Validity does not mean that a model is representing an exact clone of the simulated entity. The required validity properties of the models in the test bench rather depend on each specific test case [27]. As illustrated by Figure 6, in accordance with Steimle et al. [11], the required validity of the test case is derived by its test targets. If, for example, their purpose is to test the consistency of interfaces or communication between modules, models of participating modules and their functions usually do not require high validity. If on the other side, test targets demand evaluation of the module functionality, highly valid models of the communication might not be necessary for all test cases.
However, it might be crucial to evaluate the influence of time on the implemented behavior of time-critical functions. In conclusion, the connection between test targets and derived test cases needs to be considered even as early as the definition of the module boundaries.
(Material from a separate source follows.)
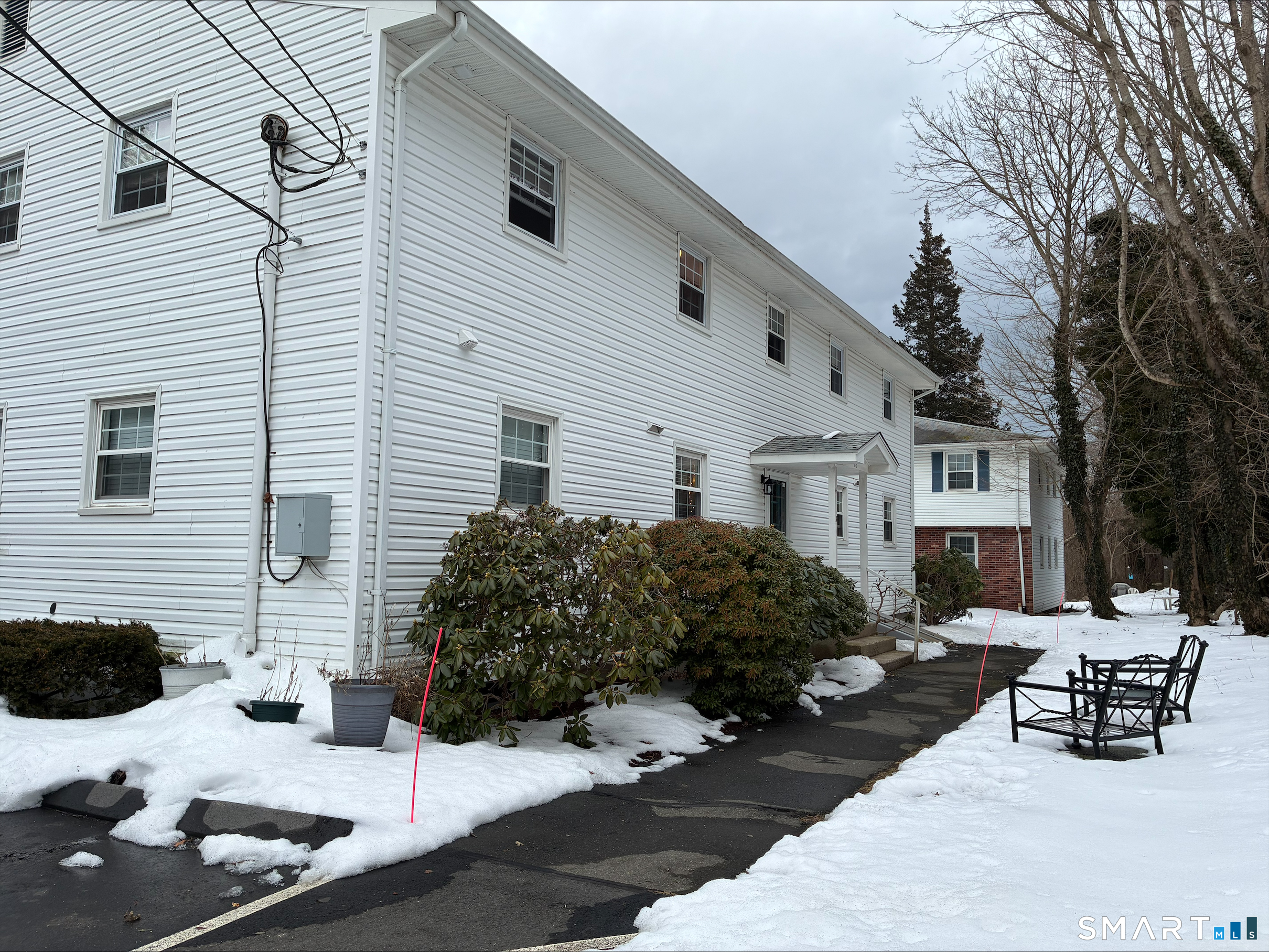 26 College Street APT 2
Stimulation can be invalid, but so can the evaluation of its results leading to error B1-2 as invalid evaluation. Evaluation of module tests can be performed directly at the output of the tested modules. Additionally, indirect assessment using models of other modules or the environment and evaluating their outputs represents an alternative. This second way requires models of other modules or the remaining environment, which might again cause the errors B1-1-1 and B1-1-2.
For both ways of evaluation, specific metrics and corresponding pass-/fail criteria (also referred to as evaluation criteria by Steimle et al. [11] or verification criteria by [28] (p. 165)) are needed. Hereby, it should be noted that a convenient interface for evaluation depends on the available metrics and their ability to predict the behavior at the system level. This is usually not done directly by the metric, but by evaluating compliance with requirements of investigated modules. In conclusion, module boundaries may be defined so that a valid evaluation is not possible. For example, the evaluation of a decomposed environmental sensor, as depicted by Rosenberger et al. [29], and its intended functionality is almost impossible by raw sensor data. In that case, decomposing the sensor so that raw sensor data is taken as the output would result in a module boundary that does not allow a valid evaluation. However, in our project, we chose a modular architecture, wherein the controller and its controlled process are not part of the same module. This decision is made because the actuators (dynamic modules), as a part of the controlled process, are intended to work on several platforms, potentially stimulated by different controllers, while the controller (trajectory controller) is parameterized to these different platforms [7,30]. Although this procedure is still under research, it allows to approve the safety of said controller individually when valid models of the dynamic modules and the further environment can be built in simulation. Using the actual external module, instead of a representation of it in tests of the module under consideration, cannot be seen as an option for a modular safety approval. The change may mean that a change of the external module requires a new safety approval if it is not clear how the changes influence the tests of the module under consideration. We see this as a boundary condition and categorize it as an invalid stimulation or evaluation. Therefore, it is not introduced as another error.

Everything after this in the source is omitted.